【要約と感想】Laura Lepri『書物の夢、印刷の旅』

【要約】ルネサンス期イタリア文化人たちの華麗な日常。黎明期の印刷出版の具体的なあり方。

■確認したかったことで、期待通り書いてあったこと=ラテン語から俗語へと切り替わる際のダイナミックな動きと具体的な問題点。たとえばイタリアにも数々の方言があったわけだが、そこから標準語としてのイタリア語なるものがどのように立ち上がってきたか。イタリアの場合は、既にルネサンス期に意識的な俗語論というものが存在していた。しかし一方で、何を標準語とするかという合意は当然できていなかった。標準語が確立するためには、やはり意識的に俗語を彫琢した権威ある書物が印刷出版されて広く流通する必要がある。イタリア語の場合は、カスティリオーネ『宮廷人』がその役割を果たすようだ。さらに言えば、校正者の果たした役割が極めて大きかった事実が興味深い。印刷術の普及に伴って権威ある俗語が確立していく過程は、ナショナリズムの成立を考える上でも重要。

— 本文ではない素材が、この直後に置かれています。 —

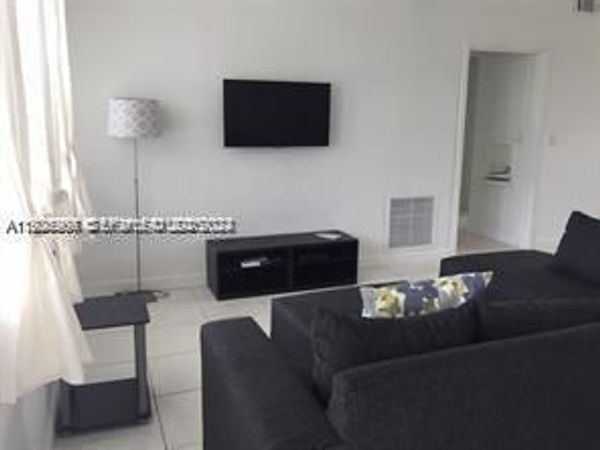 250 S Shore Dr, Unit 5, Miami Beach, FL 33141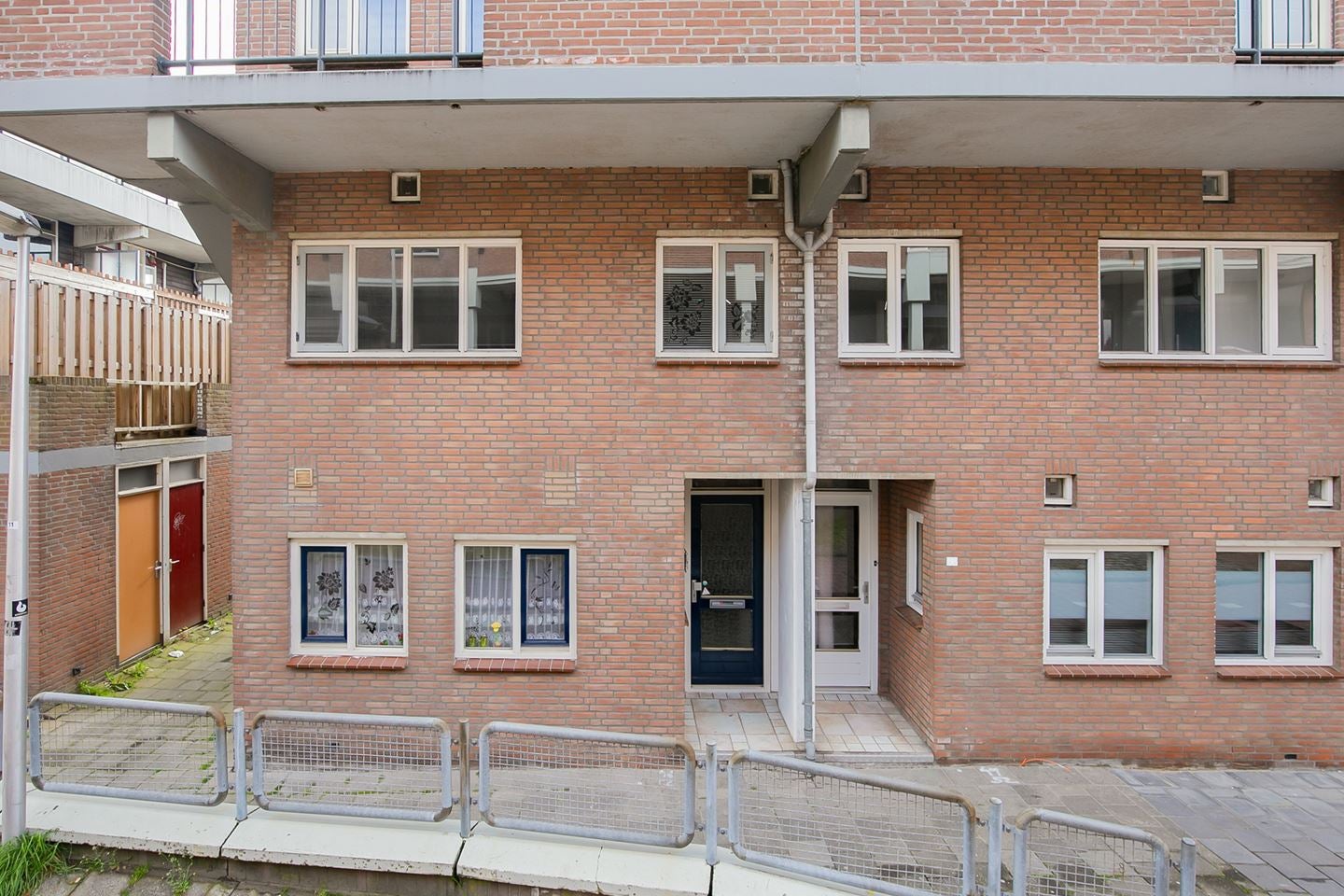 Studio in Spijkenisse met 2 kamers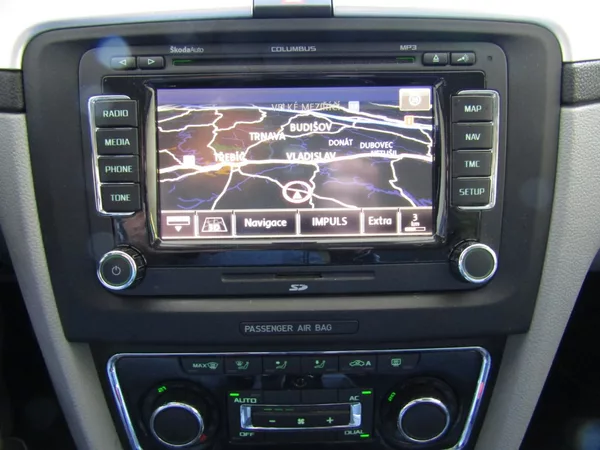 Škoda Superb 2.0 TDI CR 103kW - foto 36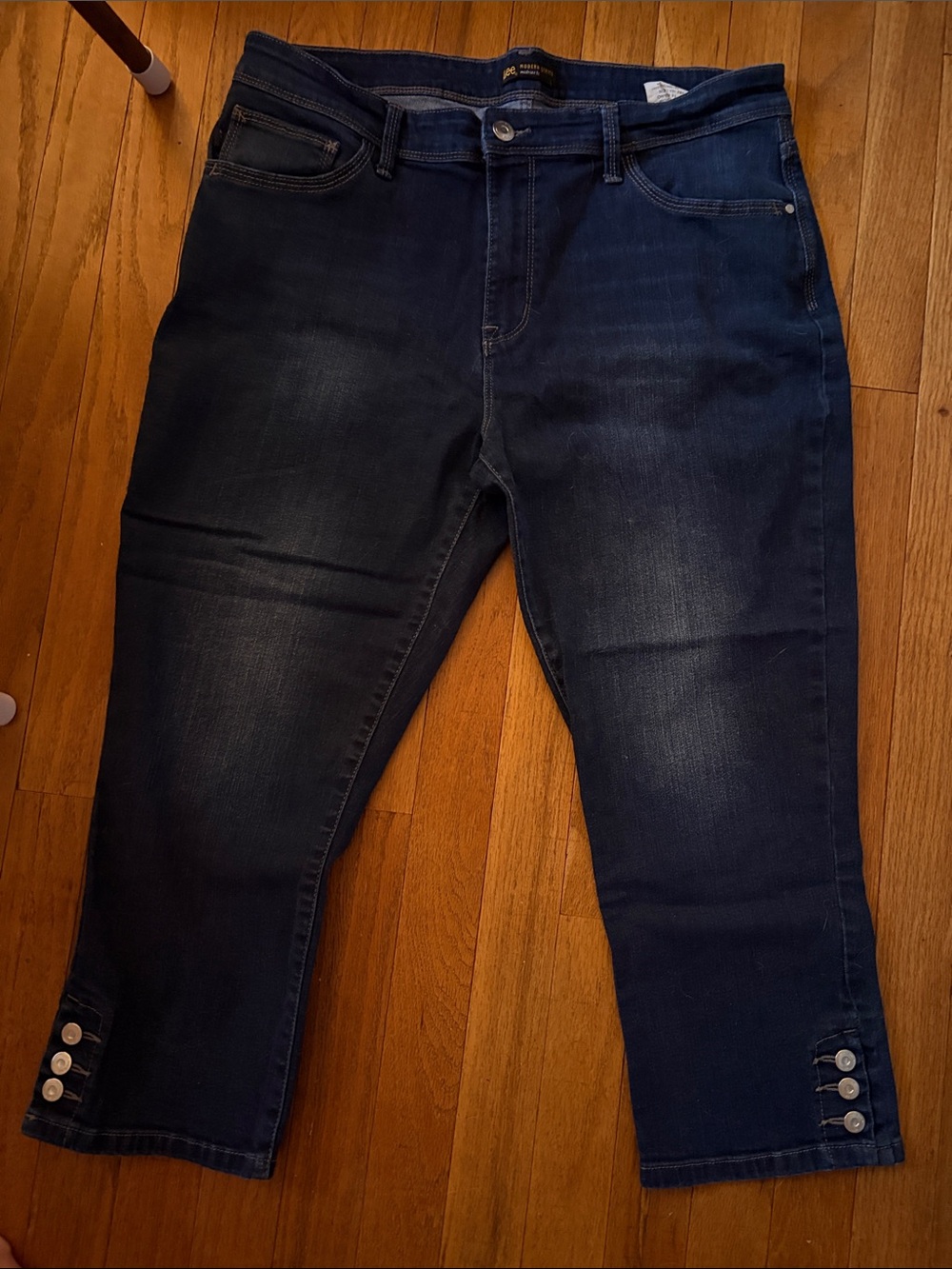Women's Dark Blue Button-Hem Levi’s Capris size 16 medium with spandex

著者としての自意識の芽生え。海賊版や質の悪い印刷術によって自分の書いたテキストが改変・改悪されることへの嫌悪感がルネサンス期から表明されていた。写本であればおそらくこのような著者としての自意識が生まれることは考えにくい。近代的な自意識が誕生する過程を考えるときに、印刷術がどのようなインパクトを持ったかが具体的にわかる。

ポルノグラフィの影響。印刷術の黎明期から既にポルノまがいの印刷物が出回っていた。それがどの程度のインパクトを持っていたかは本書では分からないが、新しいメディアが普及一般化する際に必然的にポルノまがいの表現が伴うのではないかという疑いは持たせる。しかし特にピエトロ・アレティーノは興味深い人物だ。死因が「笑い死に」だし

【感想】黎明期の印刷術の様相を知ろうと思って読み始めたんだけど、学術的な本というよりも、ノンフィクション時代ものという感じだった。が、だからこそ面白く読めたかも。決定的かつ不可逆的に時代が遷移する境界線上で、それまでにはありえなかった新しい野望を抱いて蠢いていた人々を描くには、主観的な心情記述にも踏み込める本書のような形式のほうが相応しいかもしれない。さすがイタリア人、登場人物の言動と行動がみんないちいちオシャレだし。しかし冒頭に記された「日本の読者へ」という著者のメッセージが、いちばんオシャレだったかも。